- _Work item_
Retype, word for word, each line between the lines holding "AUNA MG-TT-82B - estéreo, Tocadiscos, accionamiento" and "(Top left) front", inclusive, and leave the rest of the data alone.

^^^^

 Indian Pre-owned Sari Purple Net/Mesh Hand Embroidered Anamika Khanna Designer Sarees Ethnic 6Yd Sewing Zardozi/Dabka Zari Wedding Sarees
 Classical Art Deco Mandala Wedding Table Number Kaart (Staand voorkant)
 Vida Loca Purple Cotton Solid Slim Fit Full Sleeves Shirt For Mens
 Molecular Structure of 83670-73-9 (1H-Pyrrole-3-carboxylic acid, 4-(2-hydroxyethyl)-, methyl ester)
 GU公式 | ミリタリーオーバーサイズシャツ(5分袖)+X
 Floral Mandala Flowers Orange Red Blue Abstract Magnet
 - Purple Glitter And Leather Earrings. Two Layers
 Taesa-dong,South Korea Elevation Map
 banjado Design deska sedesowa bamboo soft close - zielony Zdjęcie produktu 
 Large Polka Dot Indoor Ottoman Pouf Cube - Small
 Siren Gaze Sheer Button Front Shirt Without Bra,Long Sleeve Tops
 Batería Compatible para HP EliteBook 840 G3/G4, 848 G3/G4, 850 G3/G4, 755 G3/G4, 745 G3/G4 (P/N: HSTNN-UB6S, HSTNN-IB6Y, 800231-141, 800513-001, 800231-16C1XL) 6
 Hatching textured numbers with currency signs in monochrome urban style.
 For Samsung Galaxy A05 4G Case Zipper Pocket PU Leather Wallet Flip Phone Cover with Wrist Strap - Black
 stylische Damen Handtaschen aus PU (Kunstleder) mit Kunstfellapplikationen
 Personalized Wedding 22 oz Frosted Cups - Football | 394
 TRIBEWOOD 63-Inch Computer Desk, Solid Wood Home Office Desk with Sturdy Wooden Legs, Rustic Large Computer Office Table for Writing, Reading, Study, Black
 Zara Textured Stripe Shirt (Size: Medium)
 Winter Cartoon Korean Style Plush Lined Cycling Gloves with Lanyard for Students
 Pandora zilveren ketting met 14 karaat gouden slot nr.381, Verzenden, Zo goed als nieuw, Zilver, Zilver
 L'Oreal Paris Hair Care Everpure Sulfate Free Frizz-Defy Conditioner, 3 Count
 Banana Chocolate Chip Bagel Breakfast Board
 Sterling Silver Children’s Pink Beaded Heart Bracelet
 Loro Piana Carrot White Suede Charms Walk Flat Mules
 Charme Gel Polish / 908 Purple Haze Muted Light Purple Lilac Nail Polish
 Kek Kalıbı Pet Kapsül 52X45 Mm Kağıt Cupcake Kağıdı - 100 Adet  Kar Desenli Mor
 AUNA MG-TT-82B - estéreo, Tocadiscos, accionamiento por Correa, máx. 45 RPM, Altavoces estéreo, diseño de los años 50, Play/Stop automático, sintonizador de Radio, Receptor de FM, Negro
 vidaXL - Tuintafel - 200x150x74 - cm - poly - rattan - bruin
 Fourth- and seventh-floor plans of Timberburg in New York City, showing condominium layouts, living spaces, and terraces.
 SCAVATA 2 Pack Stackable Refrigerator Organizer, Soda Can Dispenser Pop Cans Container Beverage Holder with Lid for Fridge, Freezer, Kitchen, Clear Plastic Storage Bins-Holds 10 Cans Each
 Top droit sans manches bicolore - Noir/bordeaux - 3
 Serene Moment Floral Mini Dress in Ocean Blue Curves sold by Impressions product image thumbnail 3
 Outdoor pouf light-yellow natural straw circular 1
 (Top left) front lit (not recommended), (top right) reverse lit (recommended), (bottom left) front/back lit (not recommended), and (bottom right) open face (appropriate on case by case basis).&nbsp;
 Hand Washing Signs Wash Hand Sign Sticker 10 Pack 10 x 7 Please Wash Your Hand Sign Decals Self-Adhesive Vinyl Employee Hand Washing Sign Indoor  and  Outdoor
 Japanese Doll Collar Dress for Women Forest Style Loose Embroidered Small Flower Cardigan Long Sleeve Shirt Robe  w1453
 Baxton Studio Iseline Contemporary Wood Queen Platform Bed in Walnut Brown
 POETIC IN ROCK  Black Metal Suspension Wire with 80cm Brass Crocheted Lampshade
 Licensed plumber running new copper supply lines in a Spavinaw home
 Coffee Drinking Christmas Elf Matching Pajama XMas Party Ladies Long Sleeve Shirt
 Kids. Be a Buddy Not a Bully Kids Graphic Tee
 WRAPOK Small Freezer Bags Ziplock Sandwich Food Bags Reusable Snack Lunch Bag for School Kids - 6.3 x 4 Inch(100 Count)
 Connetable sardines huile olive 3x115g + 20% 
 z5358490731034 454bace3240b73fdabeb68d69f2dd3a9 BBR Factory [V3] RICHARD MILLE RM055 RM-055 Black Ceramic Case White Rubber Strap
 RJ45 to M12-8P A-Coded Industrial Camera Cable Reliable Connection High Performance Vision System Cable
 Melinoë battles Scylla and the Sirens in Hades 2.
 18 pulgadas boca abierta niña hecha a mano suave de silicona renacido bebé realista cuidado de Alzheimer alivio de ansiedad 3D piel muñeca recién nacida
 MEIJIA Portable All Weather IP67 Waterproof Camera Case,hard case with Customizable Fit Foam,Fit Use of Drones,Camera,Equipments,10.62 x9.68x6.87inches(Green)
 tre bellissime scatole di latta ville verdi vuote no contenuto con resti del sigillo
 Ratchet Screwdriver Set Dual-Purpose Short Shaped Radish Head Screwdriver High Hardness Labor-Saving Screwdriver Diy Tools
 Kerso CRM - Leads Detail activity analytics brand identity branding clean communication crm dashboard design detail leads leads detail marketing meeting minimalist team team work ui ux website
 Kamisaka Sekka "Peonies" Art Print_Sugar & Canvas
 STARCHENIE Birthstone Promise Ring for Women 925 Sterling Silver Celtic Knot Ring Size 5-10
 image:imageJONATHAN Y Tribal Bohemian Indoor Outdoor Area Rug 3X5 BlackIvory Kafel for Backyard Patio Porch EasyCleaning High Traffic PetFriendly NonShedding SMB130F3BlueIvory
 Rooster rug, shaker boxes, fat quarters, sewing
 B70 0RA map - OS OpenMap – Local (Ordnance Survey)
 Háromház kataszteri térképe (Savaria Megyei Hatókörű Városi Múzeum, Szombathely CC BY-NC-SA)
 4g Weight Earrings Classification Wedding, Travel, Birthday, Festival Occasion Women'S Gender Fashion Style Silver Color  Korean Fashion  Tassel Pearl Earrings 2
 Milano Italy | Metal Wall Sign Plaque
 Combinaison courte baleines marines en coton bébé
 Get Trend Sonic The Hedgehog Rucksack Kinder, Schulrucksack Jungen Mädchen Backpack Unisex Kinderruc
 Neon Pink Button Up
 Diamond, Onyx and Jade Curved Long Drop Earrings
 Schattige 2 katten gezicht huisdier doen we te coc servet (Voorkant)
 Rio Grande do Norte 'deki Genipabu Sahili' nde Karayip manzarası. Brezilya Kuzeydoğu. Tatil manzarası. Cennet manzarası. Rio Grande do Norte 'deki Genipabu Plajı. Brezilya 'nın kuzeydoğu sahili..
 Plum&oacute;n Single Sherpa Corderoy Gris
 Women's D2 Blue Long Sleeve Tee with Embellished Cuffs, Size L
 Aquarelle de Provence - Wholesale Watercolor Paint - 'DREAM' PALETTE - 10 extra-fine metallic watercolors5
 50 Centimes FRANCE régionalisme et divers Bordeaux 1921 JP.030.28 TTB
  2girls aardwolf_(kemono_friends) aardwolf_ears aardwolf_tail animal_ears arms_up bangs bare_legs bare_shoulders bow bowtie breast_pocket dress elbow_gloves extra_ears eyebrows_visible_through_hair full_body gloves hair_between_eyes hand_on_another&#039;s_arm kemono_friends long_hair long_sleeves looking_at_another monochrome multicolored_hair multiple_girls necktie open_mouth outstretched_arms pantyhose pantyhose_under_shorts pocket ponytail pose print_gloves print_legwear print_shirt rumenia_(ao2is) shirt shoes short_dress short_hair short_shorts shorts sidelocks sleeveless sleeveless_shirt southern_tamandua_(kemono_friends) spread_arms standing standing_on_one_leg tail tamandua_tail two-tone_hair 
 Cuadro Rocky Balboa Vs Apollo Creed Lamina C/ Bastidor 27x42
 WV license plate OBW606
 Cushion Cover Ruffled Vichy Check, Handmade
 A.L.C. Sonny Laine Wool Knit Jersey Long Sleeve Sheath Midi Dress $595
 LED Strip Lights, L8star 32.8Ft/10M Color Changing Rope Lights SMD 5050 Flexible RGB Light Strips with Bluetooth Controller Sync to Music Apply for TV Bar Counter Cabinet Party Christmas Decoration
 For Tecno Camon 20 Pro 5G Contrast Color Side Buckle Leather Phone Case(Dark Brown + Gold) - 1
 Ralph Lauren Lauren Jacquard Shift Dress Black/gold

^^^^

- _Solution to the exercise_
 AUNA MG-TT-82B - estéreo, Tocadiscos, accionamiento por Correa, máx. 45 RPM, Altavoces estéreo, diseño de los años 50, Play/Stop automático, sintonizador de Radio, Receptor de FM, Negro
 vidaXL - Tuintafel - 200x150x74 - cm - poly - rattan - bruin
 Fourth- and seventh-floor plans of Timberburg in New York City, showing condominium layouts, living spaces, and terraces.
 SCAVATA 2 Pack Stackable Refrigerator Organizer, Soda Can Dispenser Pop Cans Container Beverage Holder with Lid for Fridge, Freezer, Kitchen, Clear Plastic Storage Bins-Holds 10 Cans Each
 Top droit sans manches bicolore - Noir/bordeaux - 3
 Serene Moment Floral Mini Dress in Ocean Blue Curves sold by Impressions product image thumbnail 3
 Outdoor pouf light-yellow natural straw circular 1
 (Top left) front lit (not recommended), (top right) reverse lit (recommended), (bottom left) front/back lit (not recommended), and (bottom right) open face (appropriate on case by case basis).&nbsp;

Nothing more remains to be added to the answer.